Slowly lower yourself back down, leading with the injured leg. Repeat this exercise for 10-15 repetitions and gradually increase the number of sets as your strength improves.
7. Isometric Calf Contractions
Isometric calf contractions help activate the muscles without excessive strain on the Achilles tendon. Stand facing a wall with your hands placed against it at shoulder height.
Lean into the wall and push gently, contracting the calf muscles without moving your feet.
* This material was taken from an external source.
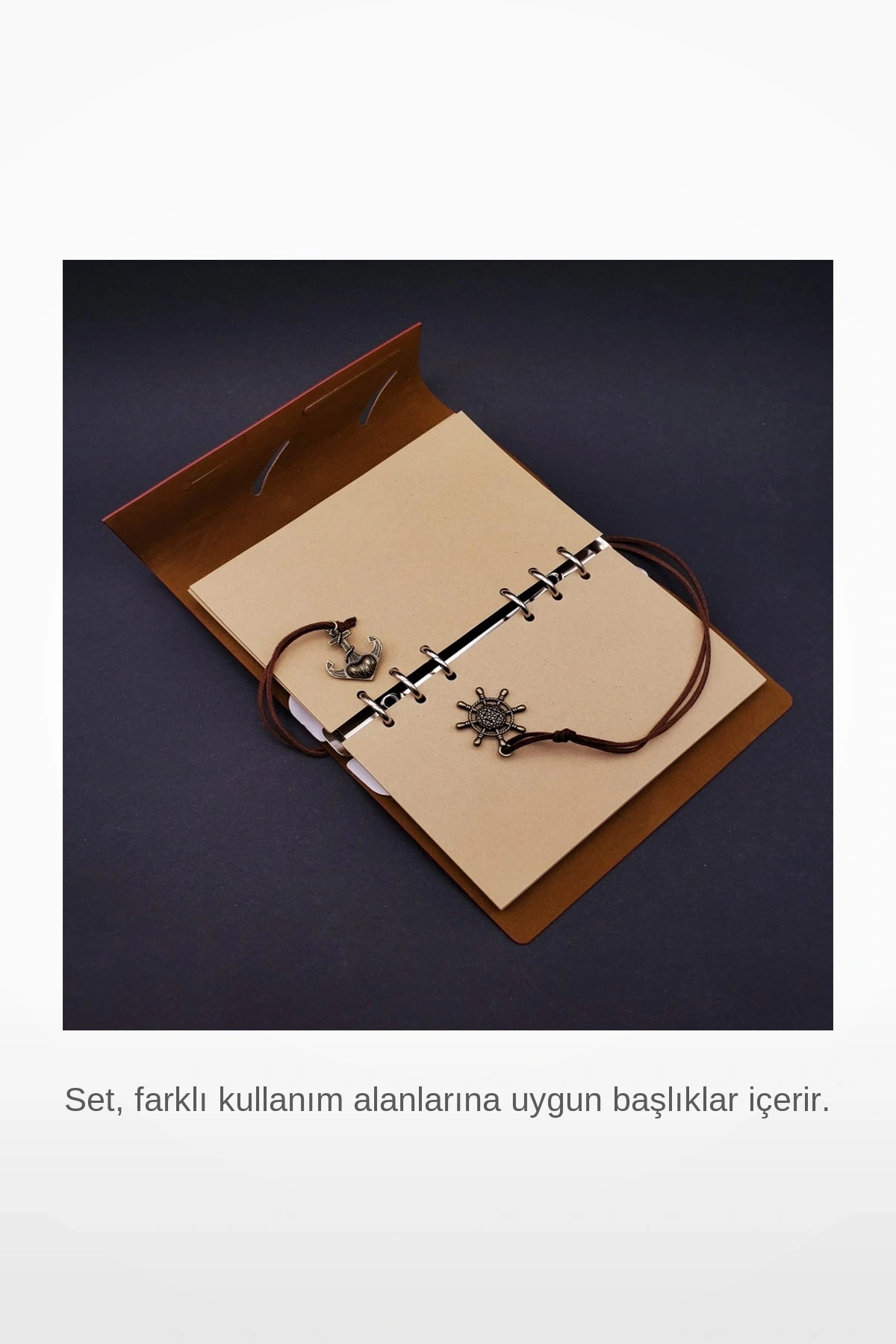 Pusula Baskılı Deri Defter ve Divit Tüylü Kalem Hediye Seti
Hold the contraction for 10-15 seconds and release. Repeat for 10-15 repetitions, gradually increasing the duration of the contractions as tolerated.
8. Single-Leg Balance Exercises
Single-leg balance exercises are essential for stability and proprioception after an Achilles tendon injury. Stand near a wall or sturdy object for support, and lift your unaffected foot off the ground, balancing on the injured leg.
Hold this position for 30 seconds to a minute, gradually increasing the duration as your balance improves. Repeat on the other leg.
9. Heel Drops
Heel drops are a dynamic exercise that helps strengthen the calf muscles and Achilles tendon. Stand on a step or sturdy surface with your heels hanging off the edge.
Rise up onto your tiptoes using both feet, then lower yourself down by allowing your heels to drop below the level of the step. Push back up onto your tiptoes and repeat for 10-15 repetitions, gradually increasing the number of sets as your strength improves.
10. Treadmill Walking
As you progress in your recovery, incorporating treadmill walking can be beneficial. Start at a slow pace with no incline, gradually increasing the speed and incline as tolerated. Focus on proper walking mechanics and maintaining a heel-to-toe stride.
Use handrails for support if needed, and be mindful of any discomfort or pain. Consult with your healthcare professional for guidance on when it is appropriate to start treadmill walking.
Remember, it is essential to consult with a healthcare professional or physical therapist before starting any exercise program, especially if you have an Achilles tendon injury.
They can provide proper guidance and ensure that you are performing exercises correctly and safely.
By incorporating these top exercises into your rehabilitation routine, you can help strengthen your Achilles tendon, improve mobility, and prevent future injuries. Be consistent, take it slow, and listen to your body to ensure a successful recovery.